Bill Bixby said the role transformed the view of his acting.

Dusty Verdict: Steambath is full of rich characters and a humorous unpredictability as men and a woman, wrestle existential issues through the limited terms of reference provided by their everyday lives and ambitions. It’s a call to take a good look at yourself and to make yourself ready… for the rest of your life, for its ending.

For Bixby it proved to be a gamechanger as he told the New Orleans Times-Picayune in 1975: "…only 19 cities carried it…They said it was the hottest single black-market tape. It became the underground tape of the year…(‘Steambath’) probably did more for me as a serious actor than anything I’ve ever done…”  And he is superb, handling the majority of the lines, and especially what is effectively a fifteen-minute monologue at the end, with sincerity, his eyes widening with ever great resignation as one after another the pennies drop.

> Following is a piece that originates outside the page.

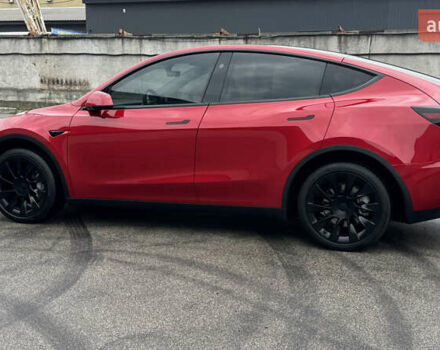 Красный Тесла Model Y, объемом двигателя 0 л и пробегом 57 тыс. км за 27500 $, фото 2 на Automoto.ua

It was certainly another step in Valerie Perrine’s journey, her naturalistic style, obscuring the completeness of her absorption in character. She’s there as a foil and a contrast for Bixby and the two work exceptionally well together and with the Almighty José Pérez.

You can watch Steambath on Amazon Prime in the US and elsewhere and there is an old DVD. It would be good to see it re-emerge, not just for Bixby and Perrine fans but also Friedman who lived a long life and wrote many books and scripts (Oscar nominated for Splash etc).

PS Valerie Perrine is now 78 and has been living with Parkinson’s for a number of years. There is a remarkable documentary, the multi-award winning A Portrait of Valerie Perrine, about her life and recent struggles that you can rent on Vimeo. Well worth your time, she is an inspiration!